··· RECORDS SUPPLIED
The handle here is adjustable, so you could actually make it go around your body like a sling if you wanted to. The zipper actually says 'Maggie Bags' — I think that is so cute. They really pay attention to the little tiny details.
······
··· RECORDS SUPPLIED
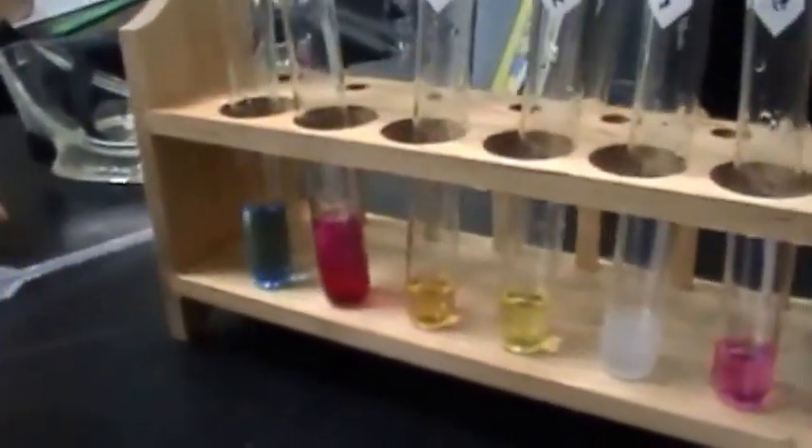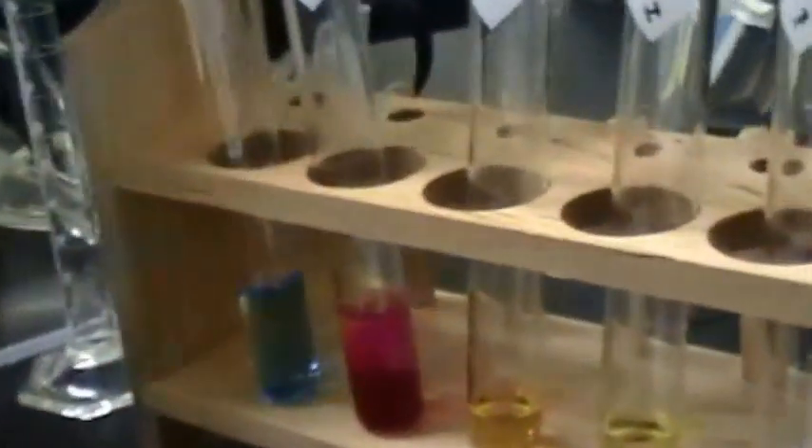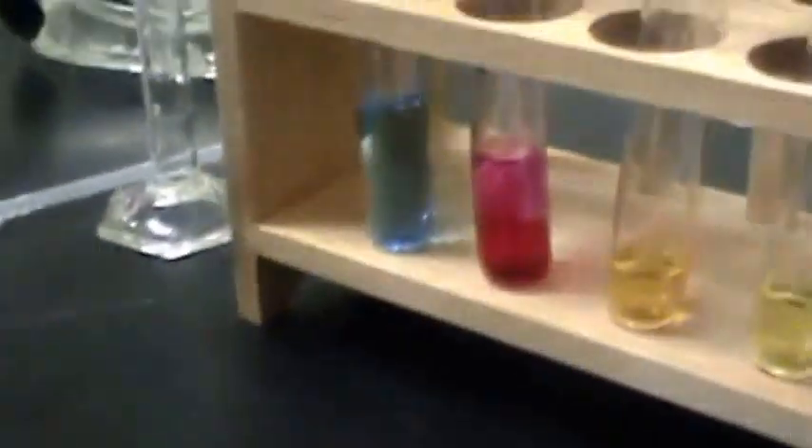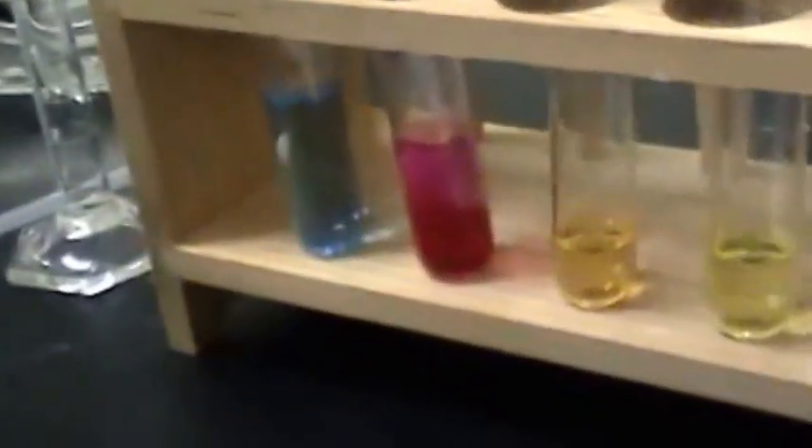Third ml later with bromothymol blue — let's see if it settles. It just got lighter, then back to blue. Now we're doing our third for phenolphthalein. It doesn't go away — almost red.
······
··· RECORDS SUPPLIED
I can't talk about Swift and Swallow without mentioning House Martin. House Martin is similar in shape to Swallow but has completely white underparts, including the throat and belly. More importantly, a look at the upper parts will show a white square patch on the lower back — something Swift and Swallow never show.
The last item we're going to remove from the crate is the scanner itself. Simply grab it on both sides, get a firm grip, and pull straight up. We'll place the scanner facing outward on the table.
······
* [EXERCISE REQUIREMENTS]:
In the listing above, locate the line containing "I can't talk" and the line containing "The last item". Extract those two lines and every line between them, exactly as written, and only those.

* [ANSWER SECTION]:
I can't talk about Swift and Swallow without mentioning House Martin. House Martin is similar in shape to Swallow but has completely white underparts, including the throat and belly. More importantly, a look at the upper parts will show a white square patch on the lower back — something Swift and Swallow never show.
The last item we're going to remove from the crate is the scanner itself. Simply grab it on both sides, get a firm grip, and pull straight up. We'll place the scanner facing outward on the table.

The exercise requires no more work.